Owning the restaurants, of course, is merely an elegant excuse to flood the world's marketplaces with Maxim's nom de snob. Already some 90 luxury items bearing Maxim's label—evening wear, linens, luggage, objets d'art, exotic flowers, sardine cans, vinegars, cigars and jams—are being sold through Cardin boutiques and other authorized outlets.
"I'm never bored," says Cardin, nor is he likely to be in the near future. "I'm the sort of person who can slip into every situation, crossing borders and religions," he says. His nonstop enthusiasm, to be sure, occasionally trips over the language barrier. For example, some years ago, according to an aide, he was asked on an American TV talk show how he liked being "at Hollywood and Vine?" Cardin's face lit up. "Vine? Vine? Yes, I have just come out with a delicious red vine."

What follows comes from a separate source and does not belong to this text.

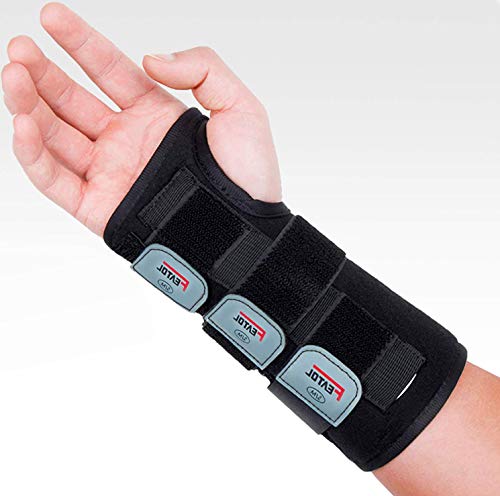 Wrist Brace for Carpal Tunnel, Adjustable Wrist Support Brace with Splints Right Hand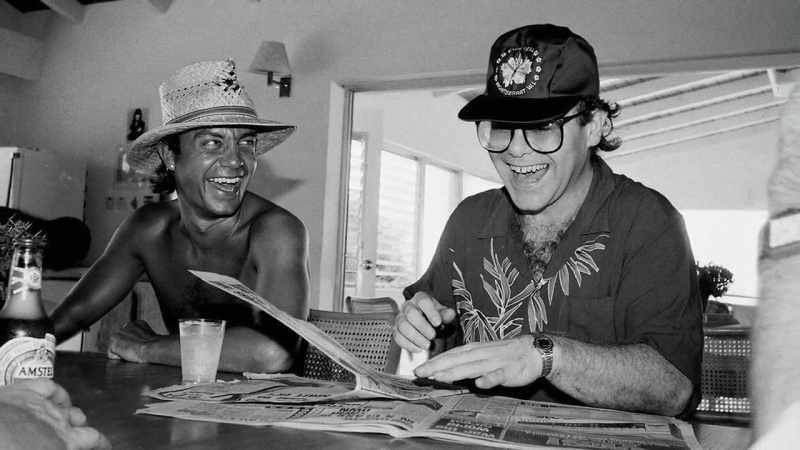 But the way we write, it's very strange. With Bernie and I, it's something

Cardin seldom dwells on his humble beginnings in an Italian village near Venice, the son of a winemaker who lost everything in World War I and moved the family to Grenoble, France when Pierre was 2. A frail child, he had a favorite game—wrapping himself in yards of tulle. At 17, after working as a tailor's apprentice, Pierre set off by bicycle to seek his fortune in Paris, but his journey was cut short in Vichy by the German invasion and occupation. He worked for the Red Cross and studied accounting by night until a fortuneteller told him his name would gain international fame and advised him to seek employment with a Paris fashion house.
Cardin finally reached Paris after the war and latched on as a designer with the famed couturier Paquin. After stints with Schiaparelli and Christian Dior, Cardin was ready to go it alone in 1950. After seven years of designing under his own name, he stunned the haute couture scene by introducing a ready-to-wear designer collection for men, followed two years later by a similar line for women. At the time high fashion coming straight off the rack was considered scandalous, but Cardin's daring paved the way for the designer label phenomenon.
The money began rolling in, allowing Pierre to indulge his taste in expensive real estate that includes his Paris house almost next door to the Élysées palace, a palazzo in Venice and the Pointe de la Galère on the Riviera. The closest he came to marriage was a four-year liaison with actress Jeanne Moreau nearly two decades ago. "I need solitude, otherwise I wouldn't be able to do what I do," he says. "I can't share my decisions. I have few friends."
Pierre habitually wakes between 3 and 4 each morning. Though he blames indigestion, it is in fact his time to think. During the day he moves "very, very fast," personally overseeing every design that bears his labels, negotiating every licensing contract, even signing every paycheck for his 450 employees in Paris. And there's always property to inspect, another plane trip somewhere. "I can't stop. I'm an employee of my own trademark, someone called Pierre Cardin. I'm a prisoner in a prison I built myself," he laments. Perhaps, but this prisoner is not yet contemplating his escape.